- _GOAL OF THE EXERCISE_
Reprint every entry, character for character.

- _ENTRIES SHOWN_
↓
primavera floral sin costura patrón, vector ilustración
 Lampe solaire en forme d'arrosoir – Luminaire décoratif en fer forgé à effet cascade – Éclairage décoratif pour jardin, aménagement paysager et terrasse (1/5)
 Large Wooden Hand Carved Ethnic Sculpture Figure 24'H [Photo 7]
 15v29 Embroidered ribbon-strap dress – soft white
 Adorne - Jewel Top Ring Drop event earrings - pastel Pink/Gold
↑
- _RESPONSE_
primavera floral sin costura patrón, vector ilustración
 Lampe solaire en forme d'arrosoir – Luminaire décoratif en fer forgé à effet cascade – Éclairage décoratif pour jardin, aménagement paysager et terrasse (1/5)
 Large Wooden Hand Carved Ethnic Sculpture Figure 24'H [Photo 7]
 15v29 Embroidered ribbon-strap dress – soft white
 Adorne - Jewel Top Ring Drop event earrings - pastel Pink/Gold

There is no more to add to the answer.